4th President of the Technical University of Munich
- In office 1987–1995
- Preceded by: Herbert Kupfer
- Succeeded by: Wolfgang A. Herrmann

Personal details
- Born: May 8, 1927 Munich, Germany
- Died: September 9, 2017 (aged 90)
- Education: Technical University of Munich

= Otto Meitinger =

German architect

Otto Meitinger (8 May 1927 in Munich – 9 September 2017) was a German architect and preservationist. From 1987 to 1995 he was president of the Technical University of Munich.

== Life ==
Meitinger was born as son of the first municipal architect of Munich Karl Meitinger.

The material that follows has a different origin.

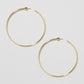 Jennifer Fisher - 2.5'' Thread Baby Hoops - Yellow Gold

He studied architecture at the Department of Architecture of the Technical University of Munich, finished his Staatsexamen and got his doctorate on the building history of the Munich Residenz.

From 1953 to 1963 he was Director of the Residenz Building Offices and in charge of the reconstruction of the Munich Residenz, including the Cuvilliés Theatre, court chappel, treasure chamber and Ornate Rooms (Reichen Zimmer). At that time the reconstruction of the Residenz was considered as example for the reconstruction of war-destroyed historical buildings all over Europe. From 1963 to 1976 he was head of the building department of the Max Planck Society and responsible for over 60 new institute buildings, domestic and abroad.

In 1976 he became Professor for Design and Preservation at the Technical University of Munich. In 1987 he was elected President of the University and stayed in office until his retirement in 1995. "He took the chance of generation change and won first class professors to secure the leading position of the TU in teaching and research."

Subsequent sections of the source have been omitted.